## Task goal:
If a line comes after the one containing "Jeans Latzkleid in", leave it out; copy every line before it, and that line too, exactly as written, starting from the first line of the entries.

## Task inputs:
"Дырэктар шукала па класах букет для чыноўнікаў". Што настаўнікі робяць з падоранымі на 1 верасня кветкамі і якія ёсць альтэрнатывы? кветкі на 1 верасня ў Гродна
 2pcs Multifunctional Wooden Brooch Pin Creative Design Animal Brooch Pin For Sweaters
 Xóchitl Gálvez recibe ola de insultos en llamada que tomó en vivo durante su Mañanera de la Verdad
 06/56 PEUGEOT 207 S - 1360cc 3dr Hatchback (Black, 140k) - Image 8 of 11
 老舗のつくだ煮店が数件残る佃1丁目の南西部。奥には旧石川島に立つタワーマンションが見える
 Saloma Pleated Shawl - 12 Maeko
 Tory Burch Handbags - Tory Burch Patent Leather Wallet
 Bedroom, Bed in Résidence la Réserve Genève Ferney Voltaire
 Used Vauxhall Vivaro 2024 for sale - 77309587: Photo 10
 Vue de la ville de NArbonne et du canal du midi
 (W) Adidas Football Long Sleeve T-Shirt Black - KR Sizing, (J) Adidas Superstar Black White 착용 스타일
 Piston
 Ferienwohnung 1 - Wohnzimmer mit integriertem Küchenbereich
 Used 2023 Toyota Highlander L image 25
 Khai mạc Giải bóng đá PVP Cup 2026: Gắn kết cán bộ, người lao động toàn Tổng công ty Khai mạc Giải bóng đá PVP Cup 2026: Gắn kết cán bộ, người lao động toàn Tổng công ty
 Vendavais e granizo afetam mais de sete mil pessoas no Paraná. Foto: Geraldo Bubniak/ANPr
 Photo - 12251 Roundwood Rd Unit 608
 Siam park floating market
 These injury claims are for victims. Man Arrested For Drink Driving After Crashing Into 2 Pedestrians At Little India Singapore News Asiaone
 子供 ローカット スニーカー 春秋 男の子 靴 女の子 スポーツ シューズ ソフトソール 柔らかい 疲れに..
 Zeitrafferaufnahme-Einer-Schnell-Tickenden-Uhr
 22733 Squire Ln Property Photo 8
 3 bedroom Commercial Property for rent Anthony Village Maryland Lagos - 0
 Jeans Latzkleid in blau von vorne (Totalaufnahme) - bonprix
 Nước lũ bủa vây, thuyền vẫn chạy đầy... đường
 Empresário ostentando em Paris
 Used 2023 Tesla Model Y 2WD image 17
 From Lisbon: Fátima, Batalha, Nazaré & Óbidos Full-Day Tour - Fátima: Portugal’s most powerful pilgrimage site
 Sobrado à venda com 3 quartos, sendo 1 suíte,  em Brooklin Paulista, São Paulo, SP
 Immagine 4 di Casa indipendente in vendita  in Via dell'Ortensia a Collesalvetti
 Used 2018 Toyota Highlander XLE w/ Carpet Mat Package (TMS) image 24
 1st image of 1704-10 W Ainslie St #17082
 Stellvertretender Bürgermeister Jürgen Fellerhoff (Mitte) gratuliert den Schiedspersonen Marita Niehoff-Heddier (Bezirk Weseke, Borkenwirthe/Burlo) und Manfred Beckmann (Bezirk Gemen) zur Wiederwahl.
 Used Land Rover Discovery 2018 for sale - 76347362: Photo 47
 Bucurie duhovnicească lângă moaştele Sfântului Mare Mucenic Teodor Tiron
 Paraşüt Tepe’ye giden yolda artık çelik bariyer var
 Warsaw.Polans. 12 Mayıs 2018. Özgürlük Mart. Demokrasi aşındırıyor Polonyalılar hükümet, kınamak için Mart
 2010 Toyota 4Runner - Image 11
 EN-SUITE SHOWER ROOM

## Solution to the exercise:
"Дырэктар шукала па класах букет для чыноўнікаў". Што настаўнікі робяць з падоранымі на 1 верасня кветкамі і якія ёсць альтэрнатывы? кветкі на 1 верасня ў Гродна
 2pcs Multifunctional Wooden Brooch Pin Creative Design Animal Brooch Pin For Sweaters
 Xóchitl Gálvez recibe ola de insultos en llamada que tomó en vivo durante su Mañanera de la Verdad
 06/56 PEUGEOT 207 S - 1360cc 3dr Hatchback (Black, 140k) - Image 8 of 11
 老舗のつくだ煮店が数件残る佃1丁目の南西部。奥には旧石川島に立つタワーマンションが見える
 Saloma Pleated Shawl - 12 Maeko
 Tory Burch Handbags - Tory Burch Patent Leather Wallet
 Bedroom, Bed in Résidence la Réserve Genève Ferney Voltaire
 Used Vauxhall Vivaro 2024 for sale - 77309587: Photo 10
 Vue de la ville de NArbonne et du canal du midi
 (W) Adidas Football Long Sleeve T-Shirt Black - KR Sizing, (J) Adidas Superstar Black White 착용 스타일
 Piston
 Ferienwohnung 1 - Wohnzimmer mit integriertem Küchenbereich
 Used 2023 Toyota Highlander L image 25
 Khai mạc Giải bóng đá PVP Cup 2026: Gắn kết cán bộ, người lao động toàn Tổng công ty Khai mạc Giải bóng đá PVP Cup 2026: Gắn kết cán bộ, người lao động toàn Tổng công ty
 Vendavais e granizo afetam mais de sete mil pessoas no Paraná. Foto: Geraldo Bubniak/ANPr
 Photo - 12251 Roundwood Rd Unit 608
 Siam park floating market
 These injury claims are for victims. Man Arrested For Drink Driving After Crashing Into 2 Pedestrians At Little India Singapore News Asiaone
 子供 ローカット スニーカー 春秋 男の子 靴 女の子 スポーツ シューズ ソフトソール 柔らかい 疲れに..
 Zeitrafferaufnahme-Einer-Schnell-Tickenden-Uhr
 22733 Squire Ln Property Photo 8
 3 bedroom Commercial Property for rent Anthony Village Maryland Lagos - 0
 Jeans Latzkleid in blau von vorne (Totalaufnahme) - bonprix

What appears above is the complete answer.